*DESCRIPTION OF THE TASK:* Please give back each entry below unaltered, leaving the pictures out.

DATA TO USE section start

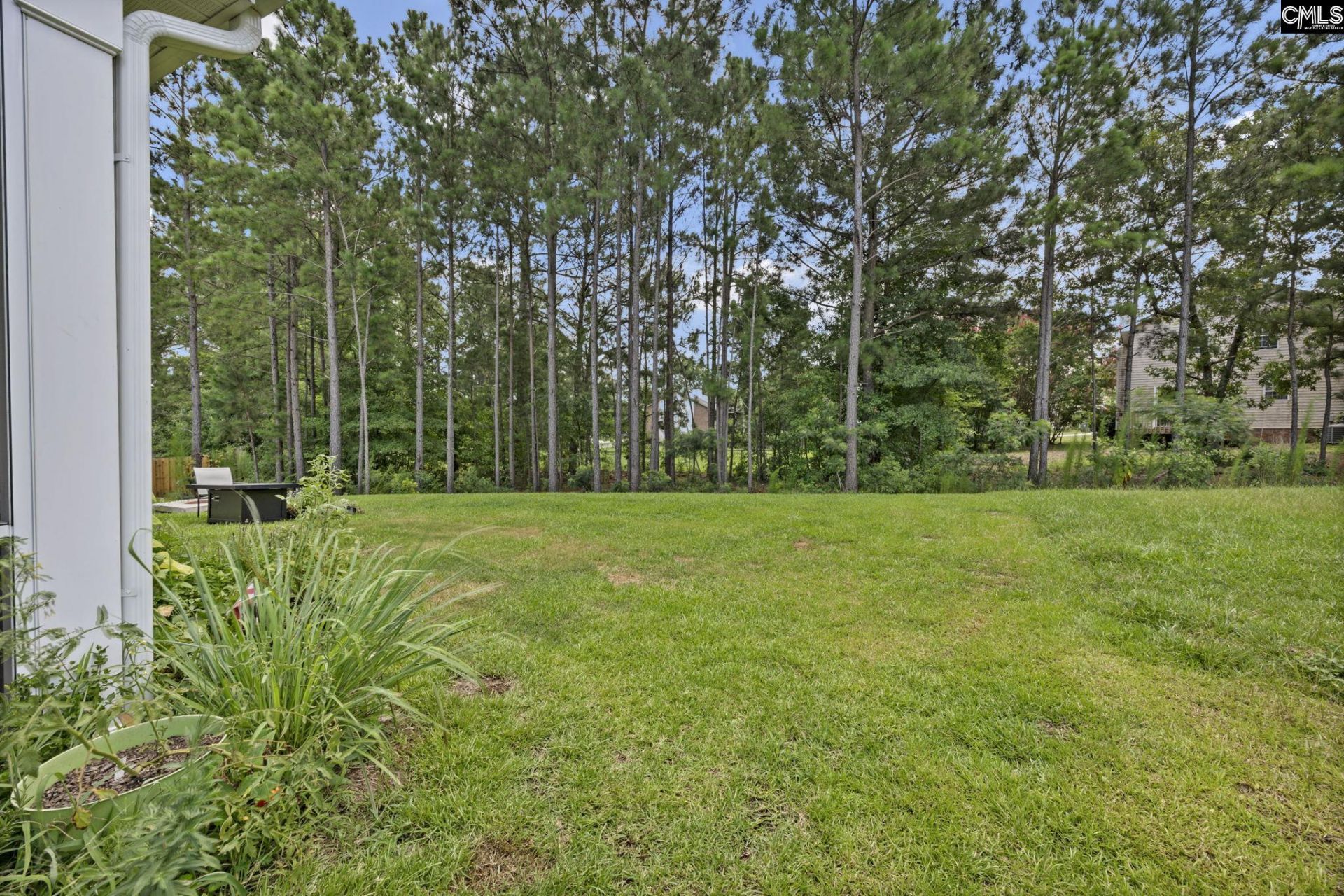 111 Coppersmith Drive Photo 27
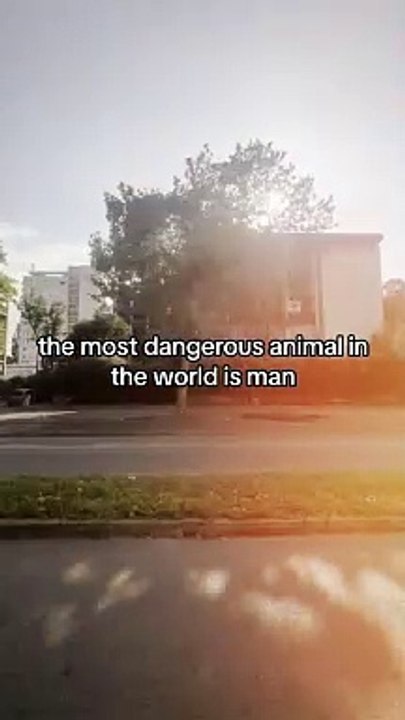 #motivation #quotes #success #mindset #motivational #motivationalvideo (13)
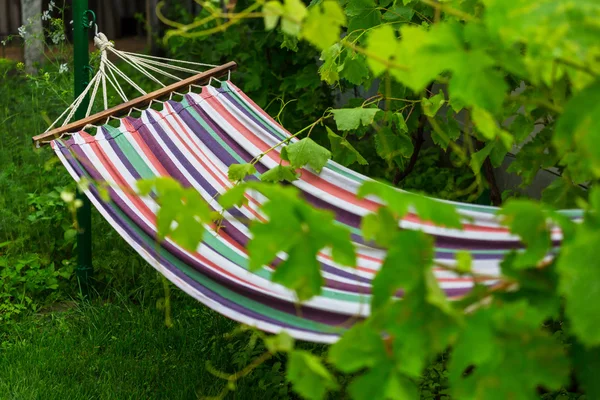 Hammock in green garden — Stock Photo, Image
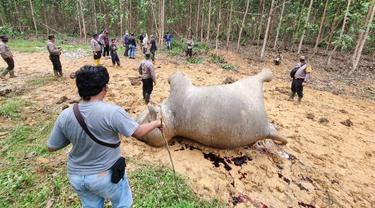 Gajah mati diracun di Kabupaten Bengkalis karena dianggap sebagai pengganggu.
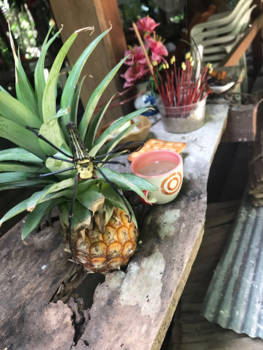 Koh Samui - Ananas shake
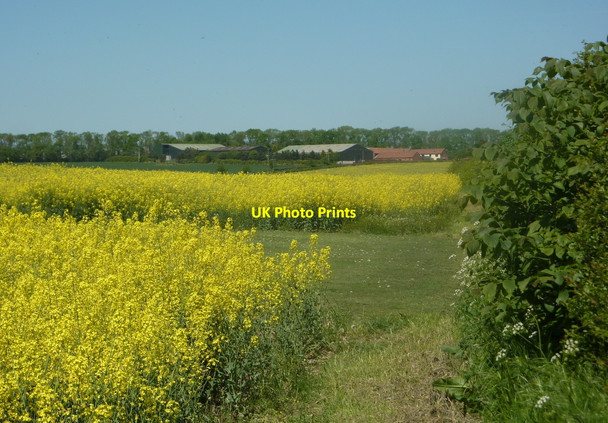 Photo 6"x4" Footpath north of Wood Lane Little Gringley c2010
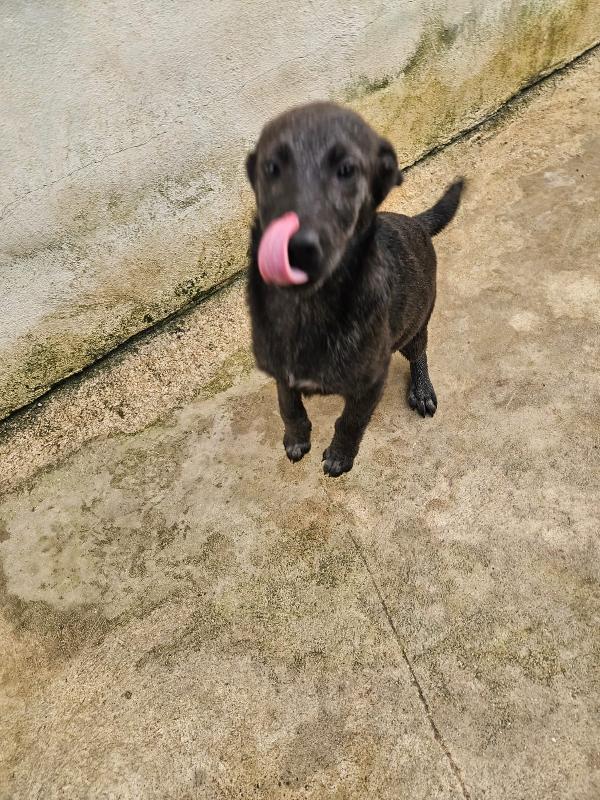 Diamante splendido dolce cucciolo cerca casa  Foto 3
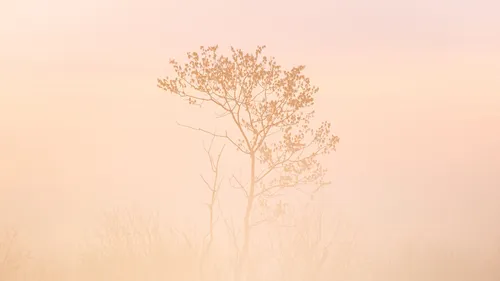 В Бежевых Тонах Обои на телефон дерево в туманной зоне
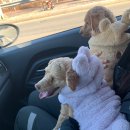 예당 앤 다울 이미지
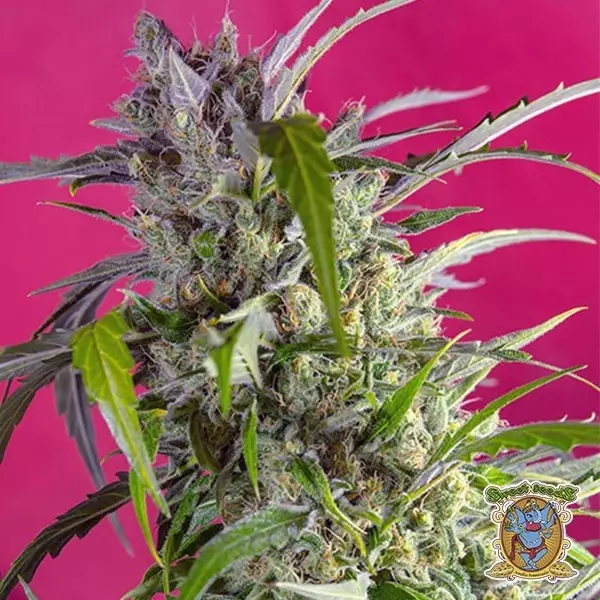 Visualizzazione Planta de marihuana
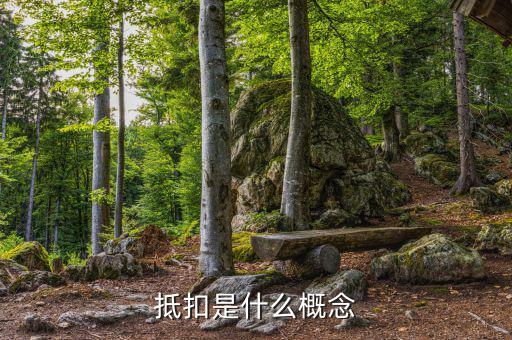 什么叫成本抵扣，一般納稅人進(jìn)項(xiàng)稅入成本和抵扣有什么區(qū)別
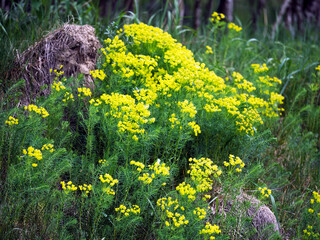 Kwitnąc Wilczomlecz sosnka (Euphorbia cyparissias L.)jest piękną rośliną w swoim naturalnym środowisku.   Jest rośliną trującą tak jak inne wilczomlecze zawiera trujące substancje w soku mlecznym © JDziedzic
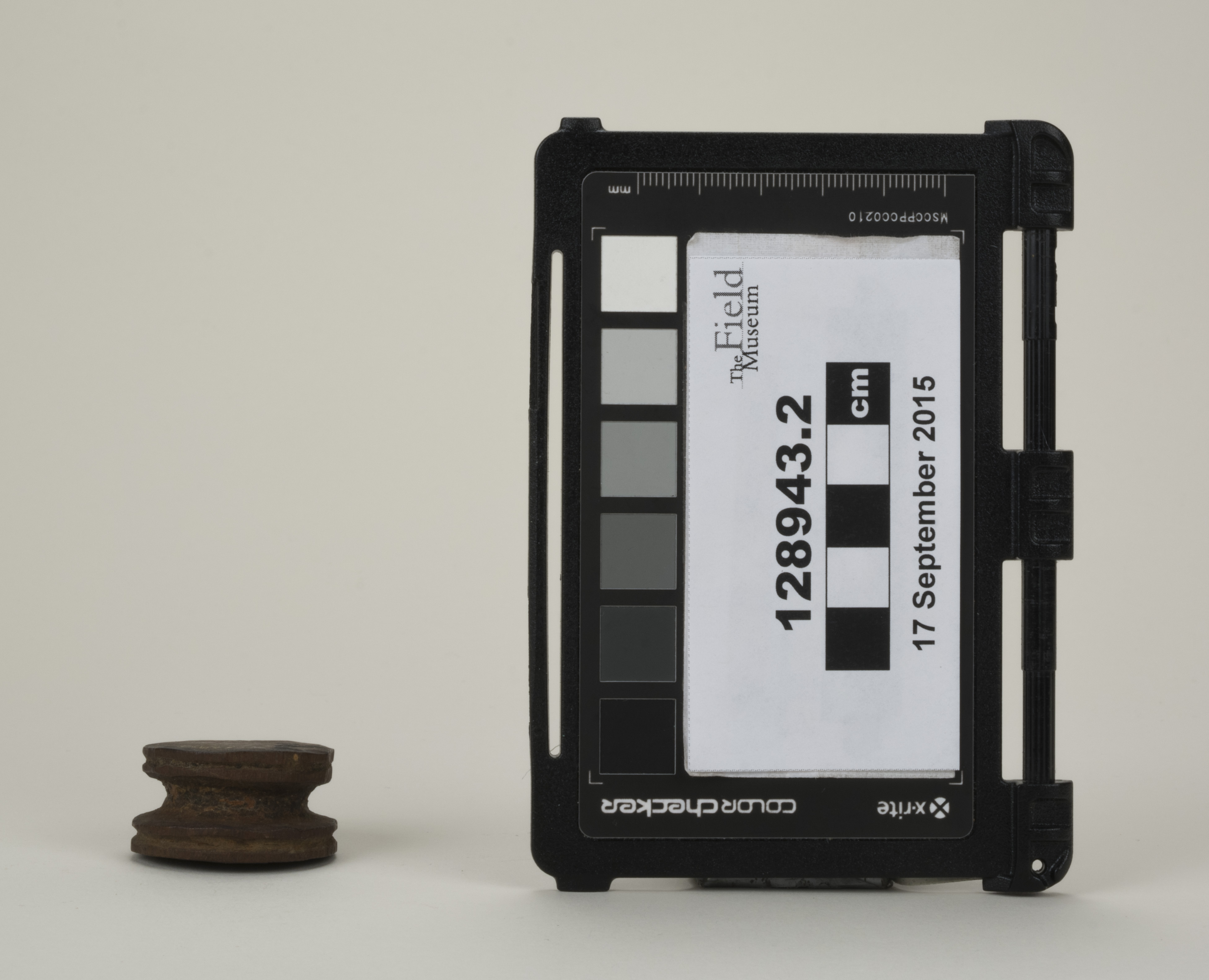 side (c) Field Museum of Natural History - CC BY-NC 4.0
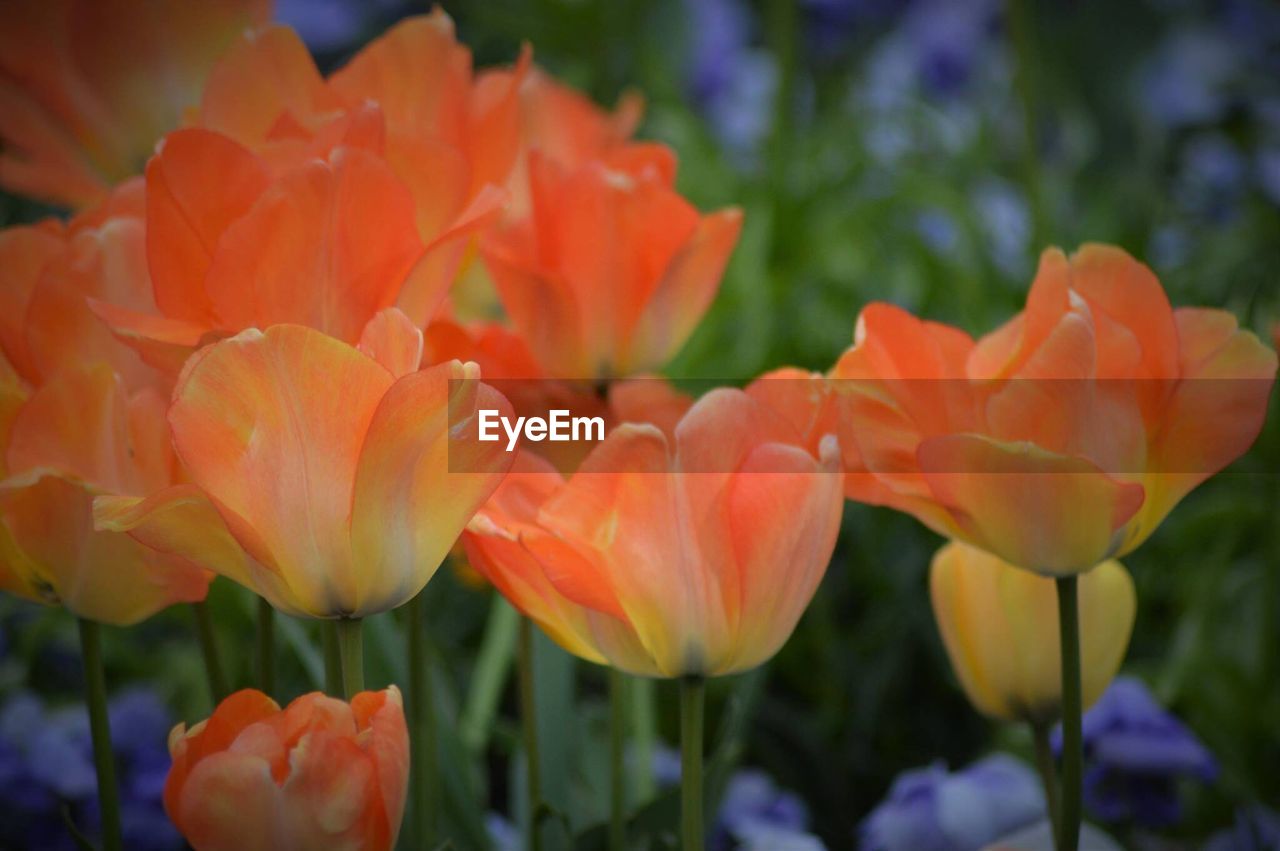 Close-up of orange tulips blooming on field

DATA TO USE section end

*RESULT FOR THIS TASK:*
 111 Coppersmith Drive Photo 27
 #motivation #quotes #success #mindset #motivational #motivationalvideo (13)
 Hammock in green garden — Stock Photo, Image
 Gajah mati diracun di Kabupaten Bengkalis karena dianggap sebagai pengganggu.
 Koh Samui - Ananas shake
 Photo 6"x4" Footpath north of Wood Lane Little Gringley c2010
 Diamante splendido dolce cucciolo cerca casa  Foto 3
 В Бежевых Тонах Обои на телефон дерево в туманной зоне
 예당 앤 다울 이미지
 Visualizzazione Planta de marihuana
 什么叫成本抵扣，一般納稅人進(jìn)項(xiàng)稅入成本和抵扣有什么區(qū)別
 Kwitnąc Wilczomlecz sosnka (Euphorbia cyparissias L.)jest piękną rośliną w swoim naturalnym środowisku.   Jest rośliną trującą tak jak inne wilczomlecze zawiera trujące substancje w soku mlecznym © JDziedzic
 side (c) Field Museum of Natural History - CC BY-NC 4.0
 Close-up of orange tulips blooming on field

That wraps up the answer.